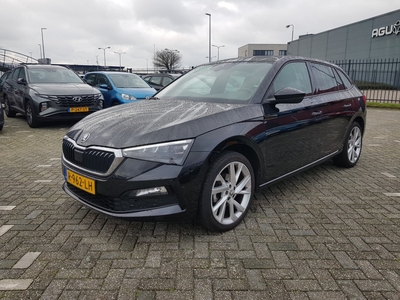 SKODA SCALA 1.0 TSI 110PK Sport Business | Panoramadak | Navi | Camera | 18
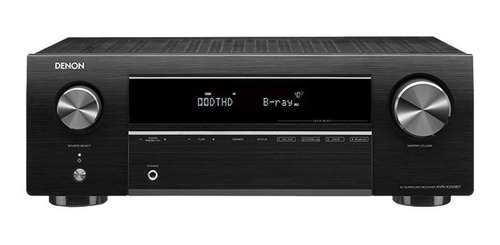 Receiver Av 5.1 Denon Avrx250bt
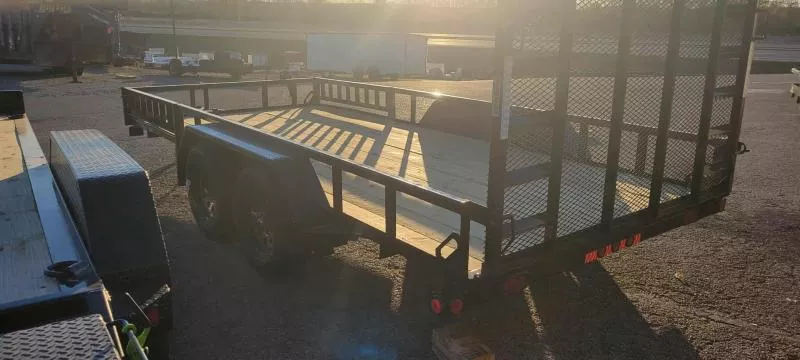 new Utility Trailers Load Trail  for sale, in Circleville, OH Thumbnail 10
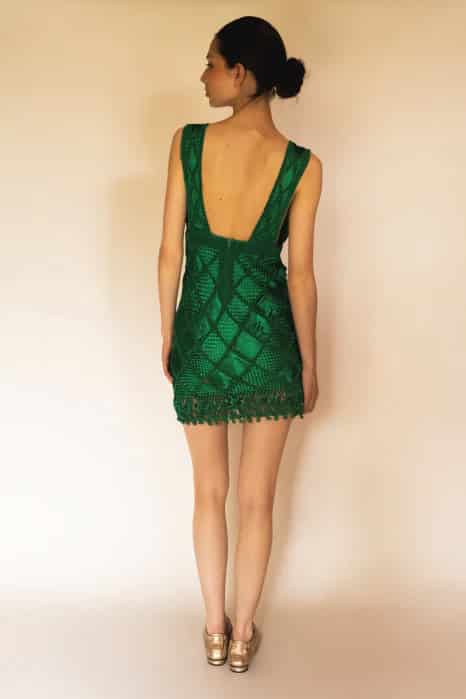 KENZA DRESS - miniatura 4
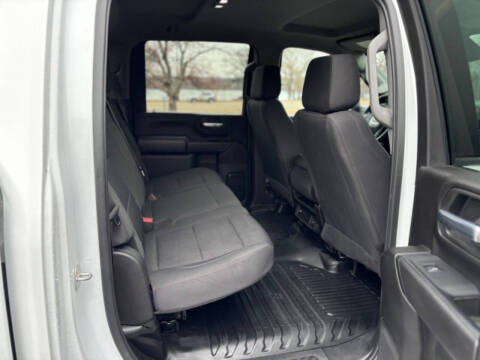 2024 GMC Sierra 2500HD Pro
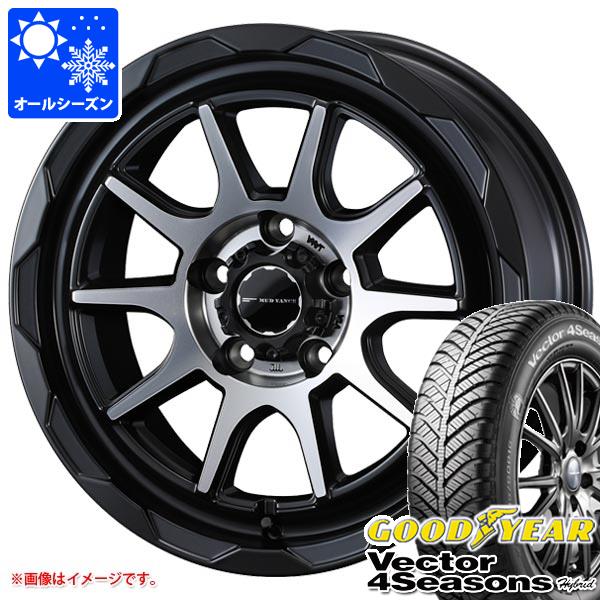 オールシーズン 215/60R16 95H グッドイヤー ベクター 4シーズンズ ハイブリッド マッドヴァンス06 7.0 16 :mudv06 23009:タイヤ1番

┄┄┄┄┄┄┄┄┄┄

The entries above are to be repeated in full, except for their pictures.

● **EXPECTED ANSWER**:
 SKODA SCALA 1.0 TSI 110PK Sport Business | Panoramadak | Navi | Camera | 18
 Receiver Av 5.1 Denon Avrx250bt
 new Utility Trailers Load Trail  for sale, in Circleville, OH Thumbnail 10
 KENZA DRESS - miniatura 4
 2024 GMC Sierra 2500HD Pro
 オールシーズン 215/60R16 95H グッドイヤー ベクター 4シーズンズ ハイブリッド マッドヴァンス06 7.0 16 :mudv06 23009:タイヤ1番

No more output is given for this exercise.